THE TASK:
Since only part of the material below is wanted, output exactly the lines from the one with "Trancio di spada" up to and including the one with "May include: A".

AVAILABLE DATA:
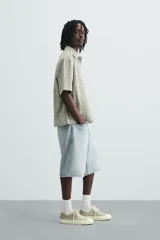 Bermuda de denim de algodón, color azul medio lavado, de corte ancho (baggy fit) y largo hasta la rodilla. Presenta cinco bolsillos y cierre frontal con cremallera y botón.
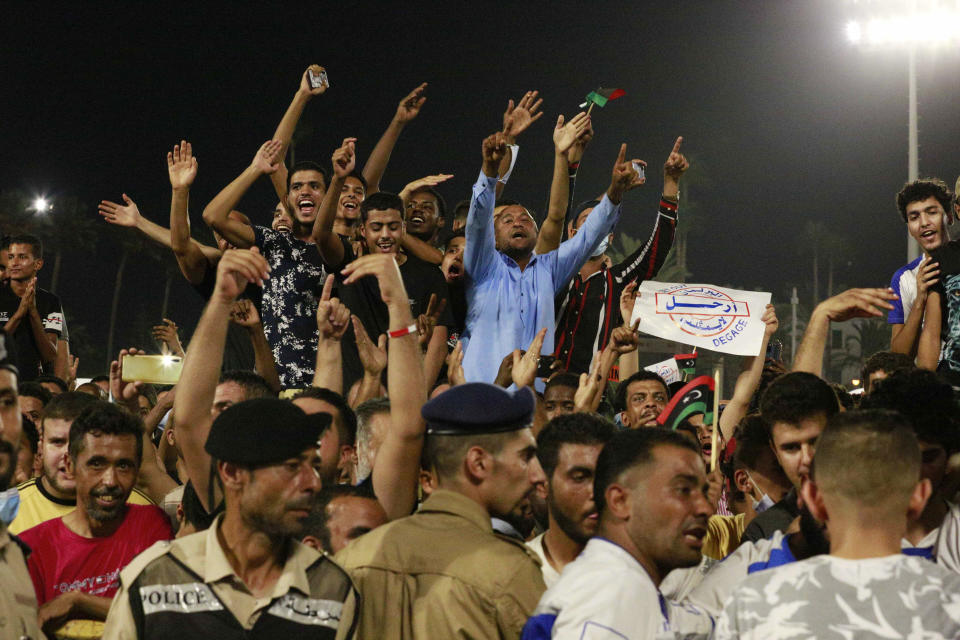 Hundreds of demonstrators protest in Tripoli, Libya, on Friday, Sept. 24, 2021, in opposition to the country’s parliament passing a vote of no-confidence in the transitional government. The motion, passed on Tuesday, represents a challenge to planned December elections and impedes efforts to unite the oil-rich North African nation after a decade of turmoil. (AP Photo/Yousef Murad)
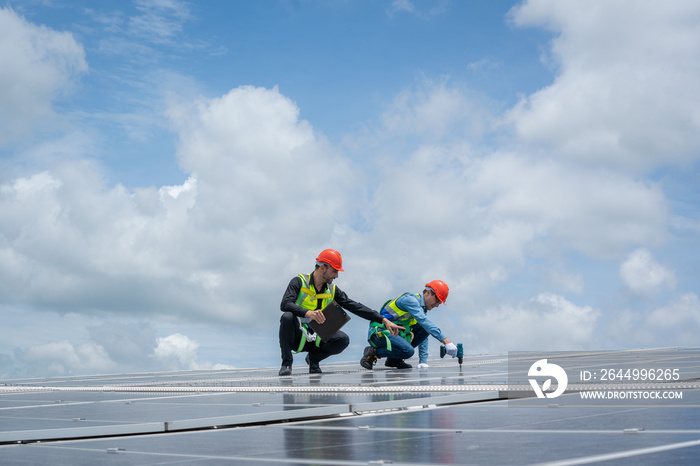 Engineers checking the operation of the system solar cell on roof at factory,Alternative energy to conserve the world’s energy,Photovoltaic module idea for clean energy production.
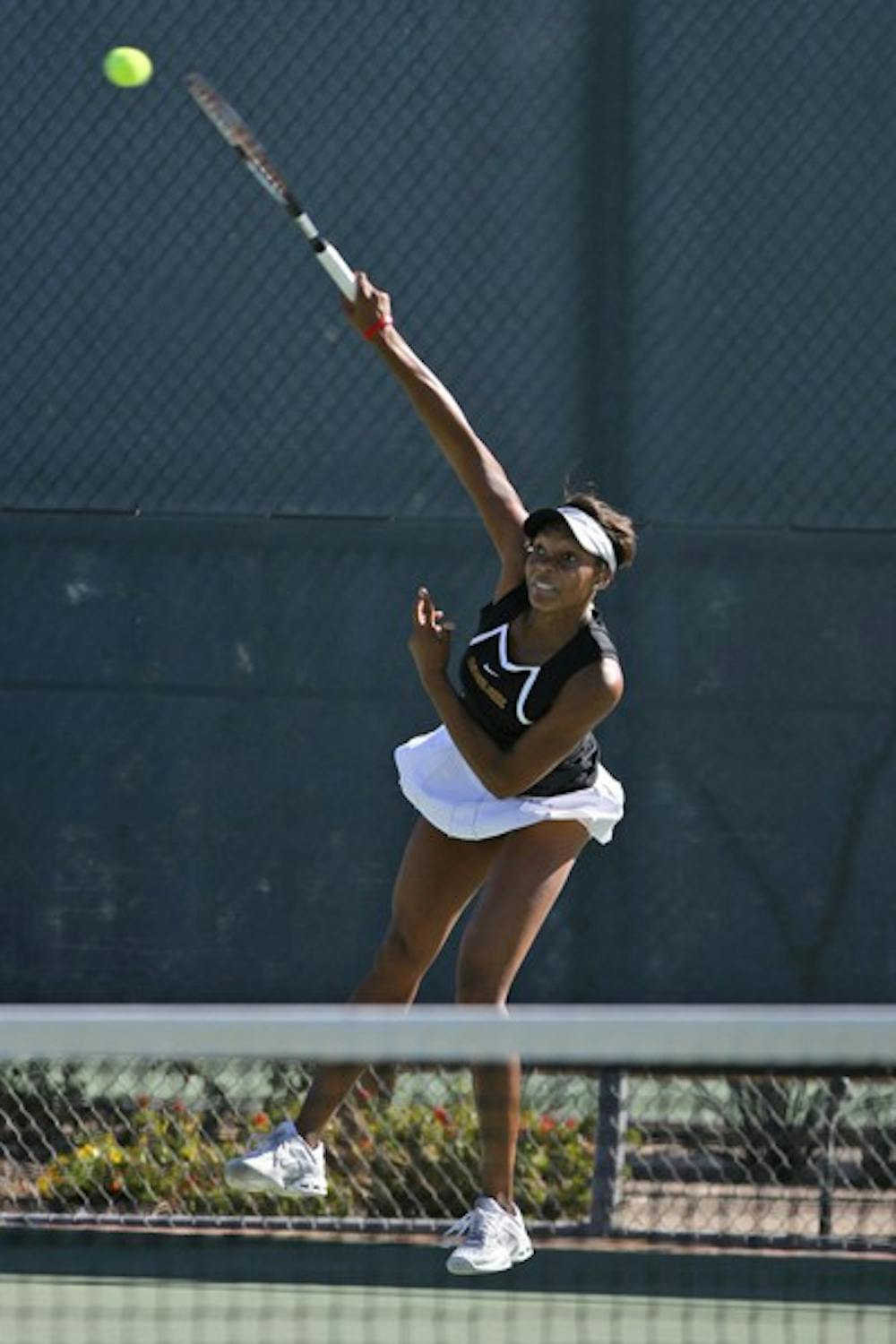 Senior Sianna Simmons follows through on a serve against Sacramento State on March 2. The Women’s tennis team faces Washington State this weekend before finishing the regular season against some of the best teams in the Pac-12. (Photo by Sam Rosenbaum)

* * *

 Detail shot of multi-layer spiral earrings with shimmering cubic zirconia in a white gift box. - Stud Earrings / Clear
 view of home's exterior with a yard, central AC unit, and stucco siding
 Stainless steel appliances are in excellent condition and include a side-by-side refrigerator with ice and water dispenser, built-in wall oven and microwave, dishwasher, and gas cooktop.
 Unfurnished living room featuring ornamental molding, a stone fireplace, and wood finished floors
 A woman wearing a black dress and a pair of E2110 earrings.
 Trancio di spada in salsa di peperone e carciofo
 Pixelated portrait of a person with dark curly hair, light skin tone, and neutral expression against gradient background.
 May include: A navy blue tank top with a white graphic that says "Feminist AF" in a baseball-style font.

WRITTEN RESPONSE:
 Trancio di spada in salsa di peperone e carciofo
 Pixelated portrait of a person with dark curly hair, light skin tone, and neutral expression against gradient background.
 May include: A navy blue tank top with a white graphic that says "Feminist AF" in a baseball-style font.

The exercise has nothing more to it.